Statistics from the job searching website Indeed showed that in the week after an announcement of the new wage agreement, online searches for jobs with “UPS” or “United Parcel Service” in the title increased by 50%.
UPS CEO Carol Tomé announced on an earnings call that UPS drivers would receive an average of $170,000 annually in wages and benefits at the end of a five-year contract deal.
The executive’s remarks capped after weeks of negotiations between UPS and the Teamsters Union, which began last month to avoid a strike and obtain a new contract for 340,000 union members. According to the UPS website, the Teamsters’ Union represents over 70% of the company’s 443,000 workers.
According to UPS’s estimates, full-time employees’ compensation would rise from around $145,000 to $170,000 over five years due to the agreement made on July 25. On Tuesday, Tomé informed investors that the plan includes increasing the minimum wage for part-time employees to $25.75 an hour and eliminating obligatory overtime.
Under the terms of the new agreement, UPS delivery drivers would earn an average of $49 per hour, or approximately $102,000 annually (based on a 40-hour workweek and 52-week work year). A UPS representative told CBS MoneyWatch that its workers are guaranteed an eight-hour shift.
The spokesman said drivers can also earn $50,000 in benefits, which includes a health benefits package and pension contributions.

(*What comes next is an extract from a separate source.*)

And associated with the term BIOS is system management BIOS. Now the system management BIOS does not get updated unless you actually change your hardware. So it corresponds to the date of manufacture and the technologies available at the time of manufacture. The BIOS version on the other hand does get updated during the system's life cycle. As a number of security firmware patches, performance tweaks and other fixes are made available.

According to Indeed, the typical salary for a UPS driver is between $108,000 and $115,000. This puts them in the same ballpark as software engineers, finance directors, and physician assistants.
The first step is to visit the UPS website, where open positions are listed and may be searched for on a state, county, and even municipal level.

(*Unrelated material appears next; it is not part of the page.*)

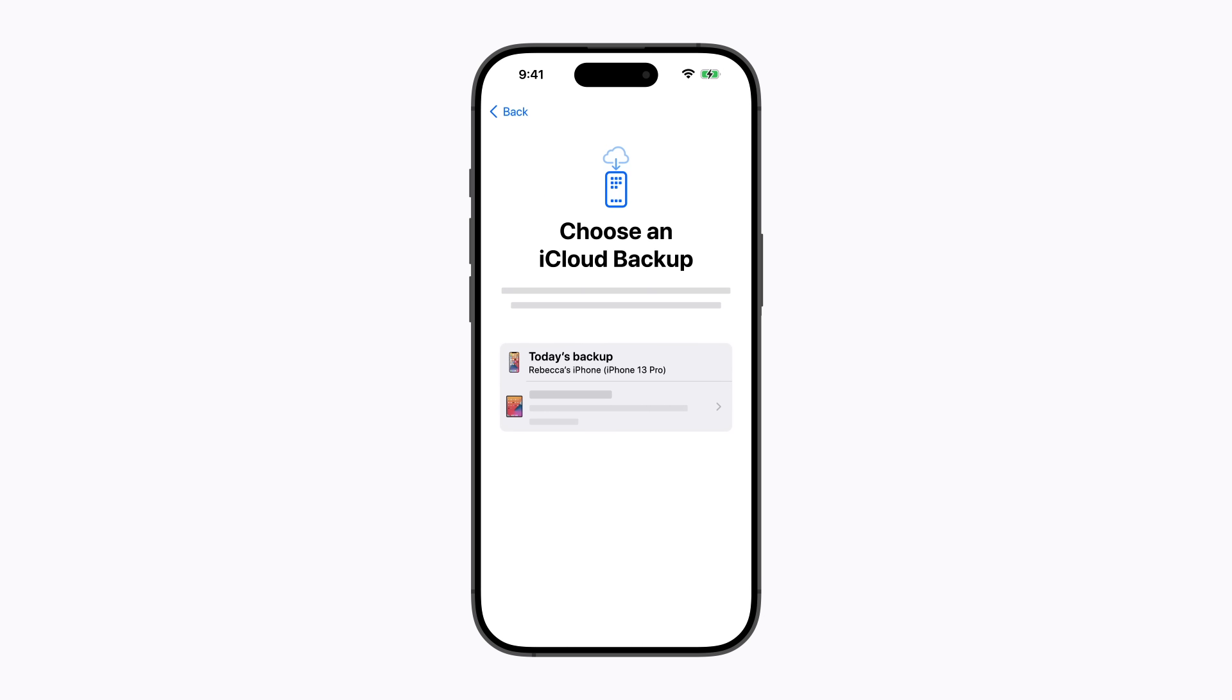Choose your most recent iCloud backup from your previous iPhone and follow the prompts, which include setting up cellular service and an eSIM.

For consideration as a UPS driver, you’ll need to pass a Department of Transportation physical, have a valid driver’s license (regular or CDL), and be able to lift up to 70 pounds. UPS additionally specifies that you need “excellent customer service and driving skills” and legal permission to work in the U.S.
Insider reports that candidates might anticipate a corporate interview and background check after this step. If they get the job, they must undergo training and a trial period.